(Excerpted data):

------------

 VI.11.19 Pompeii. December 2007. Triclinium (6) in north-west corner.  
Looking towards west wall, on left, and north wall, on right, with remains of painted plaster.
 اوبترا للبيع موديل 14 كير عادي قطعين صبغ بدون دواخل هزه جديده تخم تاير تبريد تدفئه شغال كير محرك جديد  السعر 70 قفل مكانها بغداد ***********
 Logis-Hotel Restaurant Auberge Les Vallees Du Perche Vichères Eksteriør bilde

------------

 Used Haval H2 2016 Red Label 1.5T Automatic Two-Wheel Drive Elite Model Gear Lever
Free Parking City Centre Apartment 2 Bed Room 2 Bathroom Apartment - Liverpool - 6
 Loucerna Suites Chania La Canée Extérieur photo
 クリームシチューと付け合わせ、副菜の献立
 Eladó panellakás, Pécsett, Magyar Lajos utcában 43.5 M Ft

------------

(Try it): Going back over the entries above, copy word for word every line from the one that has "クリームシチューと付け合わせ、副菜の献立" on through the one that has "Eladó panellakás, Pécsett, Magyar".

(Answer space):
 クリームシチューと付け合わせ、副菜の献立
 Eladó panellakás, Pécsett, Magyar Lajos utcában 43.5 M Ft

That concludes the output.